Bug 990472 (CVE-2016-6264)

Summary: VUL-1: CVE-2016-6264: uClibc: Integer overflow vulnerability leads to code execution on ARM architecture
Product: [Novell Products] SUSE Security Incidents Reporter: Andreas Stieger <astieger>
Component: IncidentsAssignee: Security Team bot <security-team>
Status: RESOLVED WONTFIX QA Contact: Security Team bot <security-team>
Severity: Normal    
Priority: P4 - Low CC: ismail, smash_bz
Version: unspecified   
Target Milestone: ---   
Hardware: aarch64   
OS: openSUSE 42.1   
URL: https://smash.suse.de/issue/171212/
Found By: Security Response Team Services Priority:
Business Priority: Blocker: ---
Marketing QA Status: --- IT Deployment: ---
Attachments: CVE-2016-6264.patch -- Patch from fedora

Description Andreas Stieger 2016-07-25 13:12:28 UTC

u-clibc and uclibc-ng is used in several projects[4, 5].

As described here[3], an attacker that controls the length parameter of
the `memset' can also control the value of the PC register. The issue is
similar to CVE-2011-2702. A patch has been proposed for uclibc-ng[1]. A
denial of service proof of concept is available[2].


        bugfix: ARM: memset.S: use unsigned comparisons

        The 'BLT' instruction checks for *signed* values. So if a3, length
        parameter of memset, is negative, then value added to the PC will be

        memset(buf, 0xaa, 0xffff0000) triggers the bug.

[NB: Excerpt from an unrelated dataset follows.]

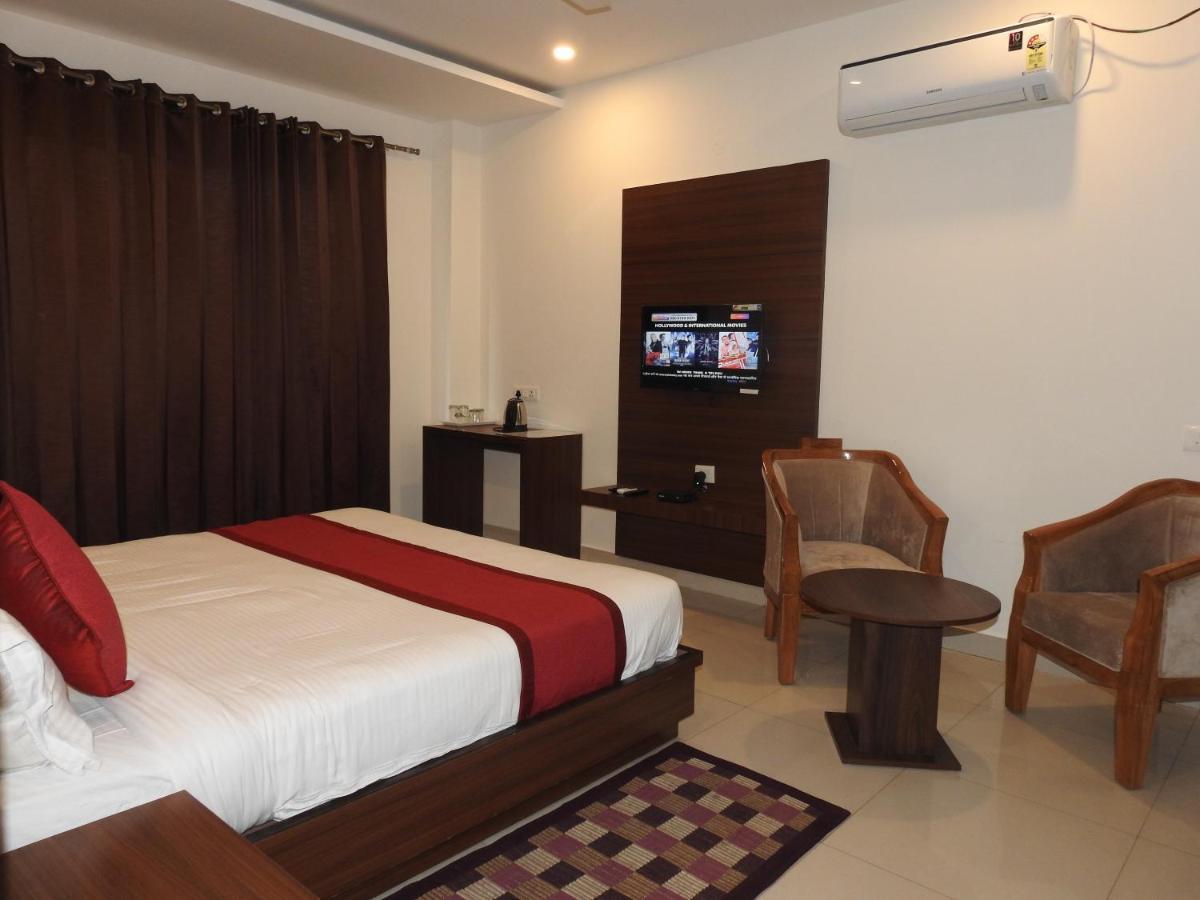 Hotel Aakash Residency Dehradun Exterior photo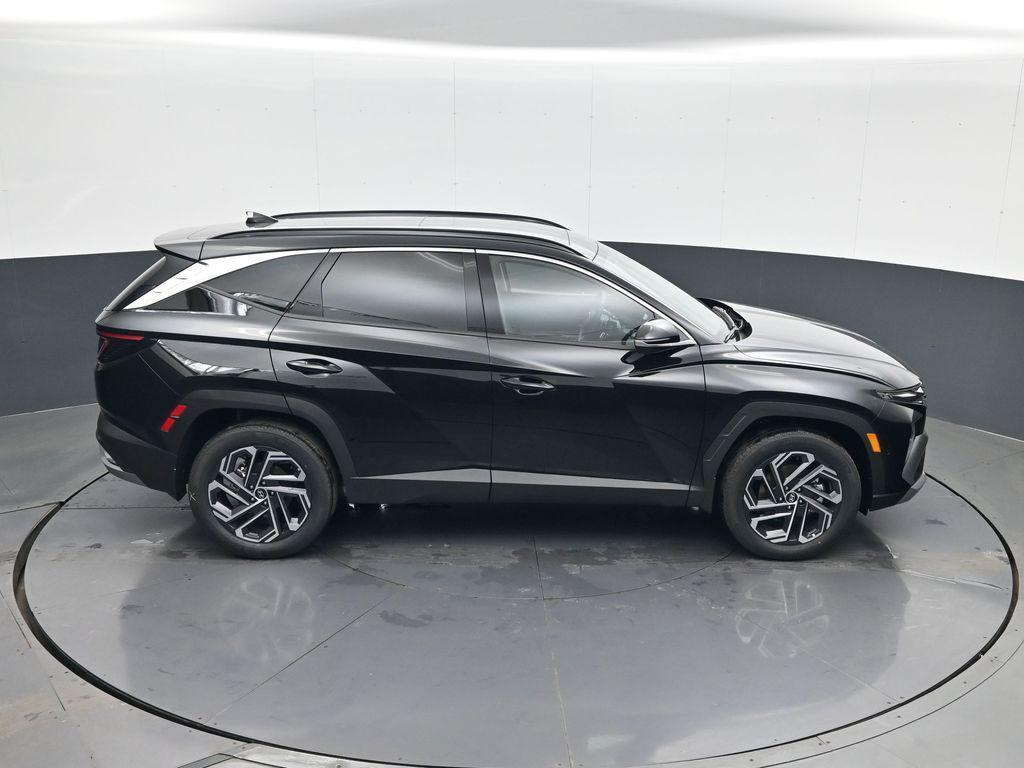new 2026 Hyundai TUCSON Hybrid car, priced at $40,324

The attack is a bit unrealistic, as it requires that the
application that uses uClibc allows a user to control a memory chunk
larger than 2GB.



Ismail, worth a fix for arm port?
Comment 1 Swamp Workflow Management 2016-07-25 22:00:46 UTC
bugbot adjusting priority
Comment 2 Bjørn Lie 2017-06-24 21:32:50 UTC
Created attachment 730125 [details]
CVE-2016-6264.patch -- Patch from fedora
Comment 3 Andreas Stieger 2017-08-03 08:45:48 UTC
No maintainer, deprecated upstream.
Marked as deprecated in 42.3 lifecycle data.